Friday, November 16, 2007

Flying Carpets, Flying Monkeys

Today's AP is reporting that a 19 year-old woman in Saudi Arabia who was gang raped has been sentenced to prison and 200 lashes for having been in a car with a male non-relative. WHAT????!!!!! Oh yes. They increased her sentence because she took her case to the media for attention.

The rapists were also sentenced to terms varying from 2 to 10 years. The judges have the discretion to hand down no punishment to death in rape cases. Sure, sounds reasonable. I'm starting the think that sentencing guidelines aren't so bad given this degree of discretion.

Boy, ya gotta love that peaceful religion that gives us Sharia Law. Heck, let's bring that on over to the States. "I Divorce You. I Divorce You. I Divorce You." That's all it takes and you're done. I reckon if you say it with candles and turn around three times in front of a mirror, a genie will appear too.

Oh but that's not all. The judges have stripped her lawyer of his license for trying to defend her. He is up for a judiciary review. I can only imagine what will happen to him . . .

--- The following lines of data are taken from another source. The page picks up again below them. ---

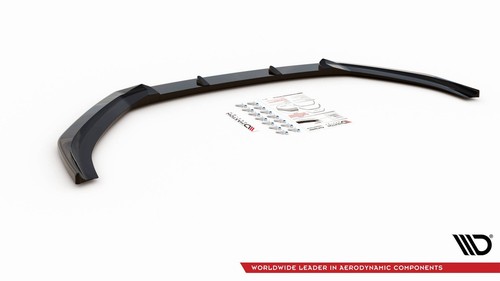 Maxton Design Frontlippe V.3 für Audi S3 / A3 S-Line 8V Facelift Hochglanz schwa - Afbeelding 7 van 7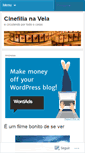 Mobile Screenshot of cinefilianaveia.wordpress.com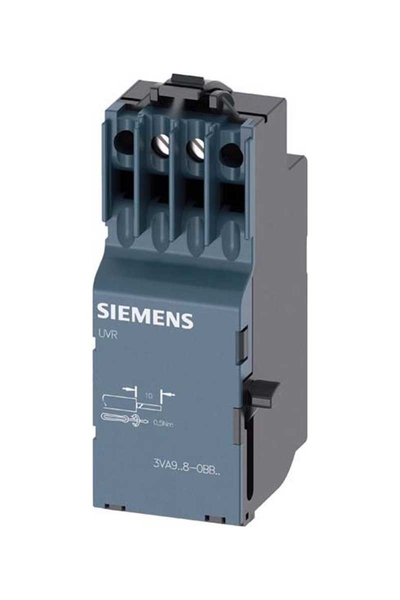 Siemens - Siemens 3VA9908-0BB25 208-230VAC UVR Düşük Gerilim Bobini Siemens - Siemens 3VA9908-0BB25 208-230VAC UVR Düşük Gerilim Bobini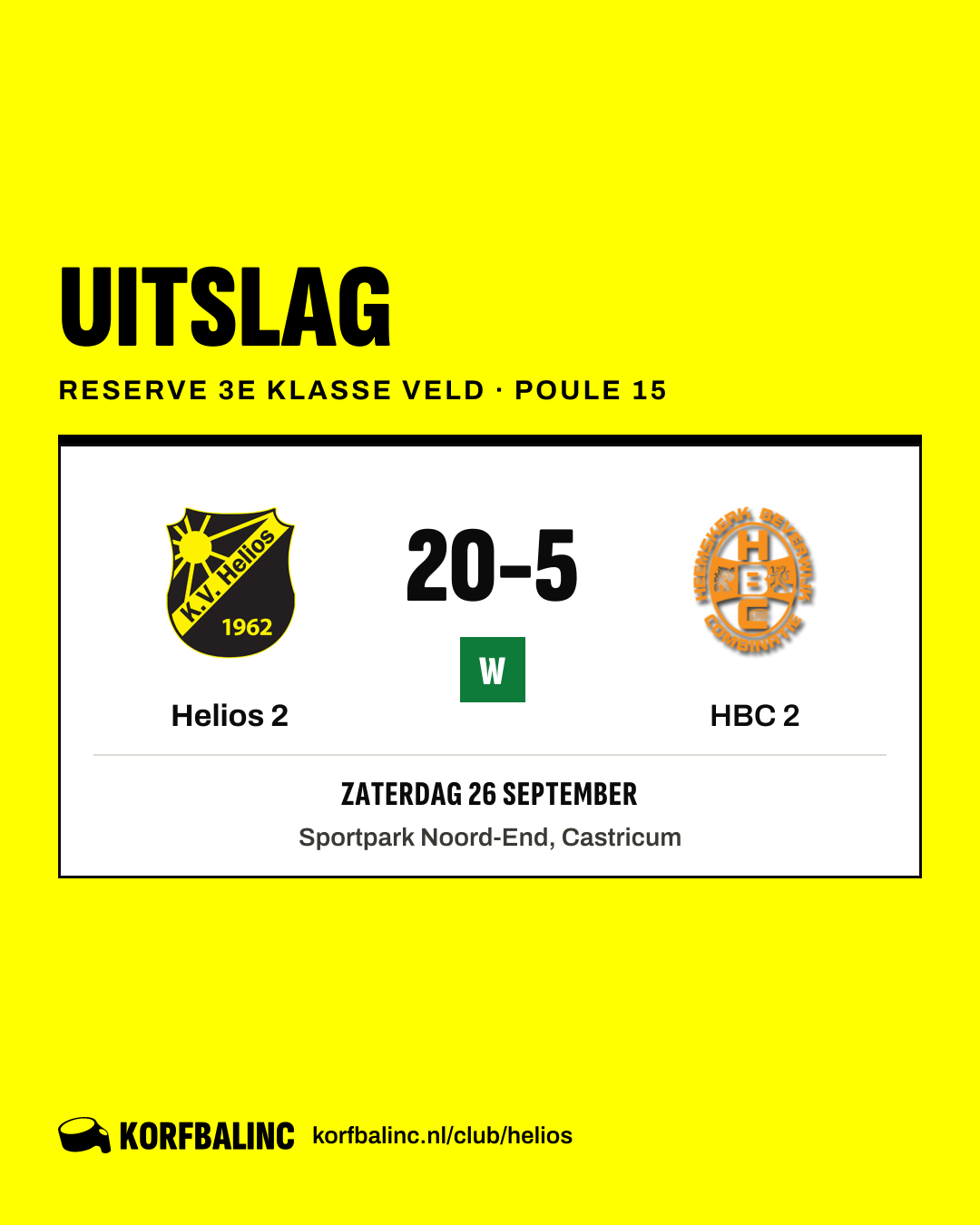 Helios 2 - HBC 2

And to think we are amused by Disney's Aladdin. As a rat-owner, I'm offended that they even refer to him as a "street rat." That's offensive to rats everywhere. But the Sultan seems about right: mindless, clueless, and hypnotized by his own stupid rules. And what kind of idiot keeps a pet tiger? Look at those two guys in Vegas. Didn't work out too well for them. Ok, I know it's just a movie, but still.

Sadly, that very mentality is alive and well in our own nation. We have democratic candidates who want to take "excess profits" (whatever those are) from companies and give them to the poor. So much for the main tenet of capitalism: YOU CANNOT HAVE EXCESS PROFIT. The concept is an oxymoron. It's also alive within our beloved homeowners associations.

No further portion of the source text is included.